Te rappelleras-tu les rires qu'on avait,
Ces éclats de bonheur enrobés de tendresse,
Quand le monde était beau, que tout était parfait ?


Ami, la Grande Révolution avortée,
Tu sais, celle qu'on voulait faire à la cantine...
Tu t'en souviens ? Nous avions été dénoncés.
Nous, "révolutionnaires", avions mauvaise mine.


Amie, rue des Menuts que le monde était beau.
Pour nous, pour des enfants joueurs et innocents.
Mais il s'est assombri avec Charlie Hebdo,
Un instant effrayant, il semblait menaçant.


Ami, je repense à notre petit collège.
Goya, qu'il s'appelait. Je ne l'oublierai pas
Ce jour où, dans la cour, l'on vit un peu de neige.
À peine un millimètre et pourtant, quelle joie !


Amie, c'était le temps des erreurs et des doutes
Qui débutait. Je ne savais plus qui j'étais,
Et toi non plus.

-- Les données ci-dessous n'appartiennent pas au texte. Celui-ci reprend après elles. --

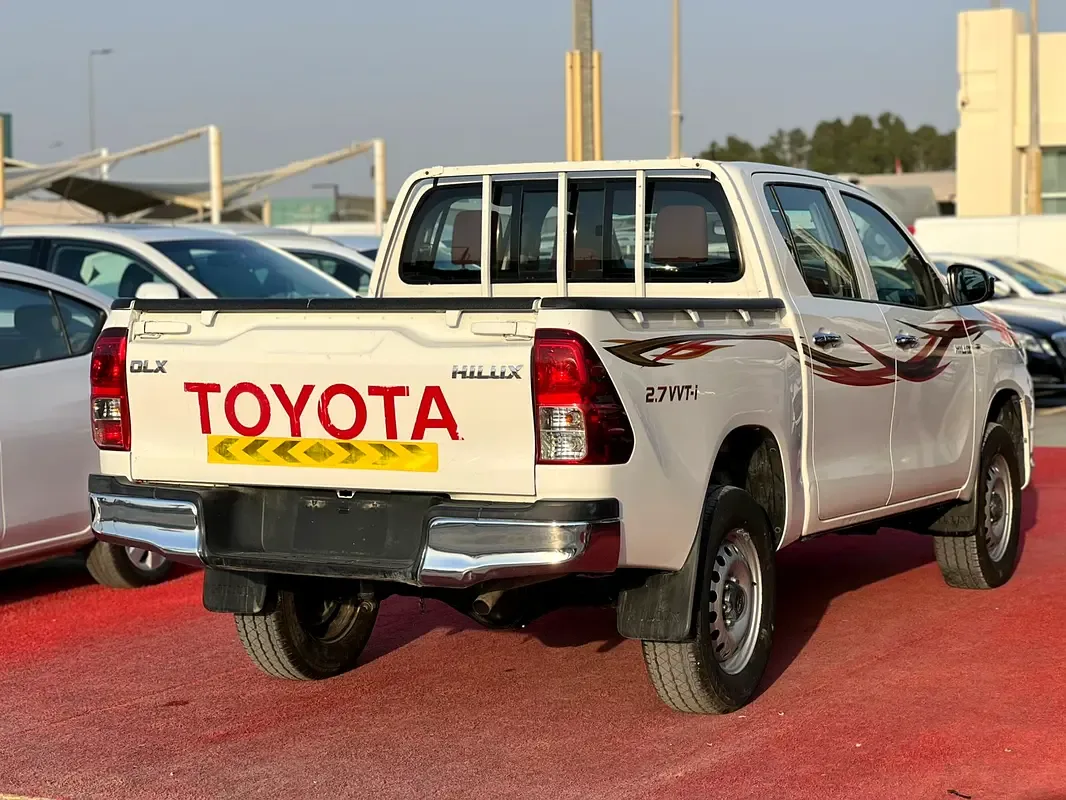 Toyota Hilux 2.7 MT (164 hp) - 6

Chacun voulait choisir sa route,
Sans se presser. Nous aimions notre liberté.


Hélas, amis, nous avons dû choisir quand même.
Du jour au lendemain, on a pris des chemins
Qui nous ont séparés. Vînt le temps des problèmes
De la vie quotidienne, où tout est incertain.

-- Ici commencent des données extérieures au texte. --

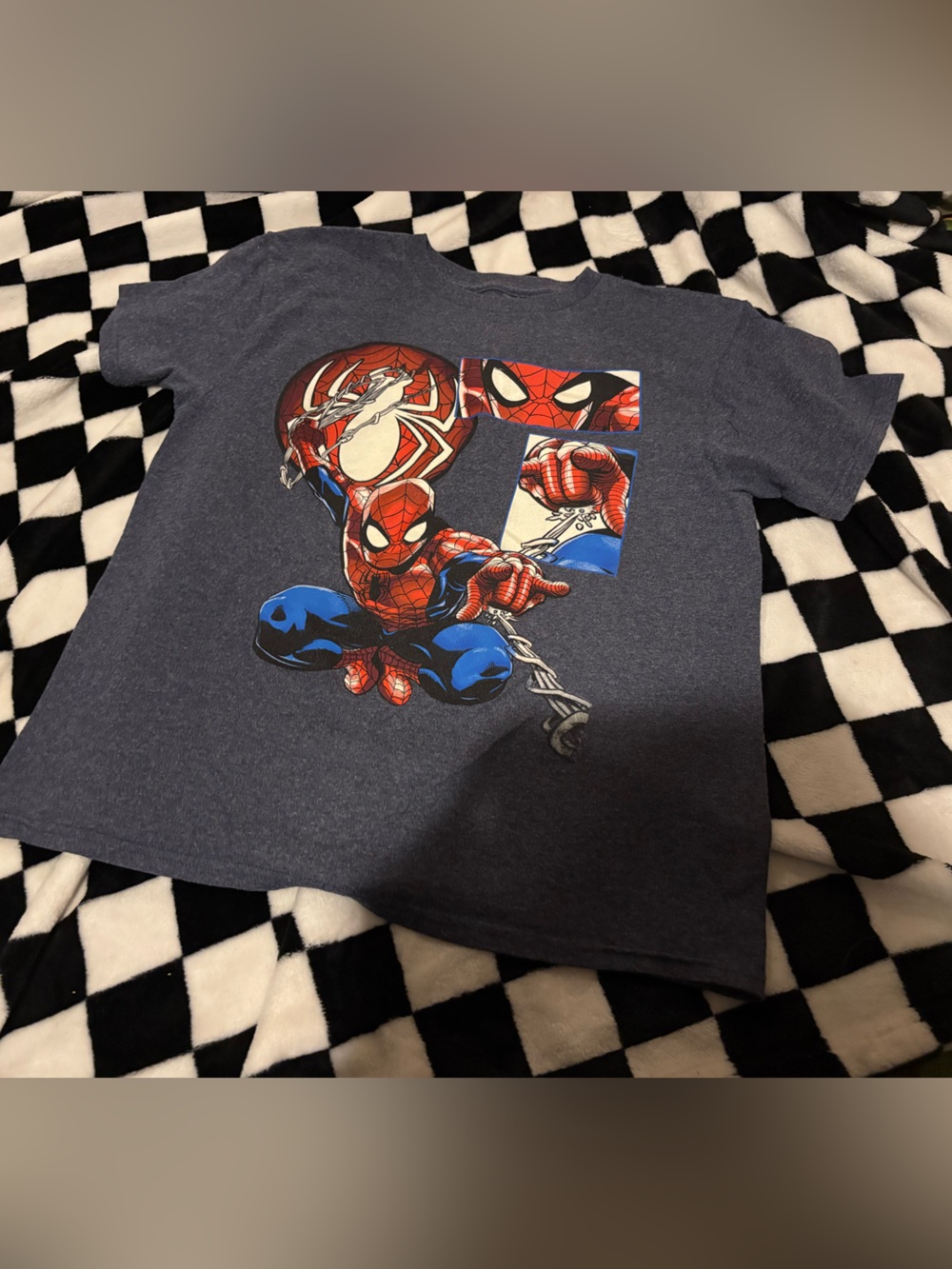 Boys XLARGE 14/16 spiderman tshirt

Les éclats de bonheur de la rue des Menuts
Sont revenus à d'autres. Et je suis parti
Me confronter au monde. Seul et à demi-nu.
J'ai bien été chômeur et ça m'a endurci.


Puis de Révolution en manifestations,
J'ai gardé mon ardeur et me suis fait entendre !
Parfois je n'avais pas du tout de solutions.
Mais pourtant j'étais là, toujours prêt à défendre !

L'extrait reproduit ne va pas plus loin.